Ohne Strom, Wasser und Wärme

Während Ukrai­ne­r*in­nen sich auf Engpässe einstellen, mobilisiert der Kreml nun verstärkt Strafgefangene

„30 Prozent der Kraftwerke sind zerstört“

Präsident Wolodimir Selenski auf Twitter

Von Barbara Oertel

Die russische Armee hat auch am Dienstag ihre Angriffe auf die ukrainische Hauptstadt Kyjiv sowie weitere Städte des Landes fortgesetzt. Beim Beschuss von zwei Energierversorgungsanlagen am linken Ufer des Dnjepr habe es drei Tote und mehrere Verletzte gegeben, teilten die örtlichen Behörden mit. Bereits am Montag hatte es in Kyjiv Tote gegeben, als ein Wohnhaus im zentralen Stadtteil Schewschenko getroffen worden war. Deren Anzahl erhöhte sich, nach Angaben des Kyjiver Bürgermeisters Vitali Klitscho, auf fünf.
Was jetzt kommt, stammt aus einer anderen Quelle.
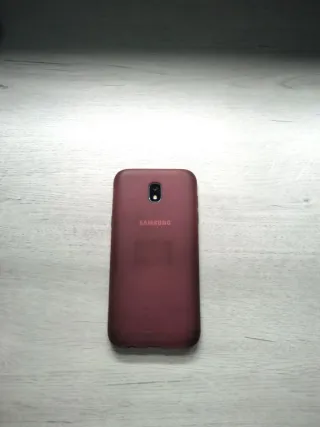 Móvil Samsung J7 DUOS Negro + Funda Morada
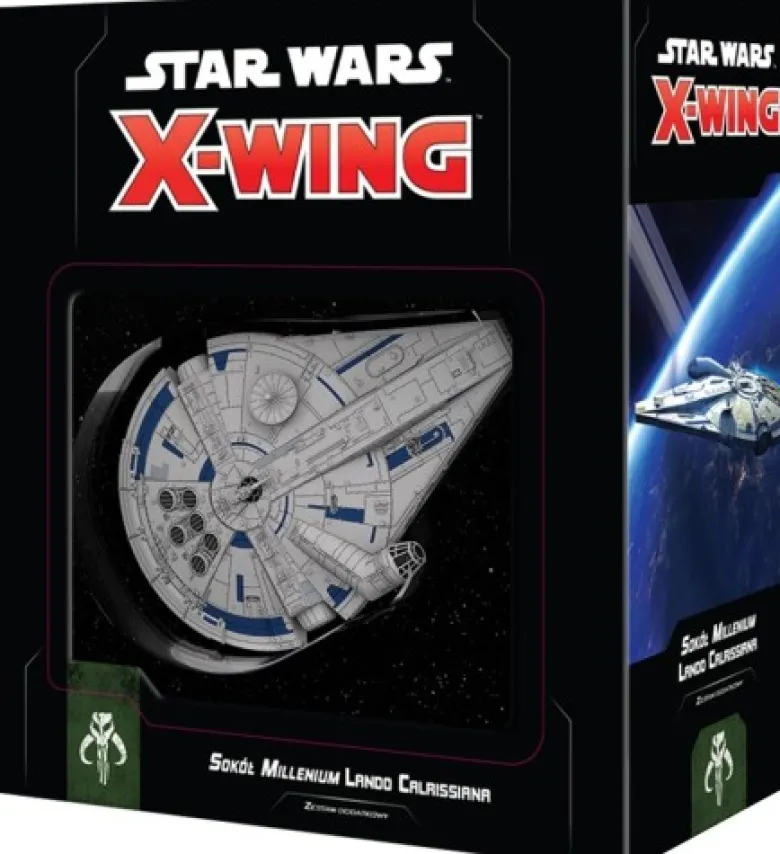 X-Wing 2.0: Sokół Millenium Lando Calrissiana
Die Ukrai­ne­r*in­nen müssen sich darauf einstellen, dass die Versorgung mit Wasser, Strom und Wärme eingestellt wird. Das kündigte der Chef der Präsidialverwaltung, Kirill Timoschenko, im Fernsehen an. „Die Situation im gesamten Land ist kritisch. Es ist notwendig, sich im ganzen Land darauf vorzubereiten, dass es zu Ausfällen sowohl bei der Strom- und Wasserversorgung als auch bei der Wärmeversorgung kommen kann“, zitiert das Medium Strana Timoschenko.

Zuvor hatte der ukrainische Präsident Wolodimir Selenski die Zerstörungen der kritischen Infrastruktur seit der Intensivierung der russischen Angriffe zu Anfang vergangener Woche auf 30 Prozent beziffert. „30 Prozent der Kraftwerke sind zerstört, was zu massiven Stromausfällen im ganzen Land geführt hat. Für Verhandlungen mit Putins Regime gibt es keinen Platz mehr“, schrieb er auf Twitter.

Unterdessen scheint Russlands Präsident Wladimir Putin keine Anstalten zu machen, einen Erlass zu unterschreiben, um die Teilmobilmachung zu beenden. Diese war am 21. September verkündet worden. Seitdem haben tausende russische Männer ihr Land verlassen – vor allem in Richtung Georgien und Kasachstan. Von einem Ende der Teilmobilmachung könne noch keine Rede sein, sagte Kremlsprecher Dmitri Peskow am Dienstag vor Journalist*innen. Es sei Aufgabe der einzelnen Regionen, festzustellen, ob die erforderliche Anzahl erreicht sei. Pläne, die von Putin ausgegebene Vorgabe von insgesamt 300.000 Soldaten zu überschreiten, gebe es nicht. Der Moskauer Bürgermeister Sergej Sobjanin hatte am Montag die Teilmobilmachung in der russischen Hauptstadt für beendet erklärt.

Am vergangenen Samstag war es bei einer Militäreinheit in der russischen Region Belgorod an der Grenze zur Ukraine zu einer Schießerei mit 22 Toten und 16 Verletzten gekommen. Medienberichten zufolge sollen zwei Tadschiken, die per Vertrag beim russischen Militär angeheuert hatten, das Feuer auf ihre Kameraden eröffnet haben.

Derweil werden in Russland verstärkt Strafgefangene mobilisiert. Das berichtet der russische Dienst der BBC. Dabei handelt es sich um Personen, die wegen schwerer Verbrechen zu mindestens fünf Jahren Haft verurteilt sind. Derzeit ist diese, offensichtlich inzwischen gängige, Praxis verboten. An diesem Dienstag wollte die Duma über eine Aufhebung des Verbots entscheiden.

Das estnische Parlament hat am Dienstag für eine Resolution gestimmt, die die Annexion ukrainischer Gebiete verurteilt und das russische Regime als terroristisch einstuft. Dafür votierten 88 Abgeordnete, Nein-Stimmen und Enthaltungen gab es nicht. Bereits im August hatte das Parlament Lettlands eine ähnliche Erklärung verabschiedet. Darin wird die russische Gewalt gegen die ukrainische Zivilbevölkerung als Terrorismus und Russland als „staatlicher Sponsor des Terrorismus“ bezeichnet.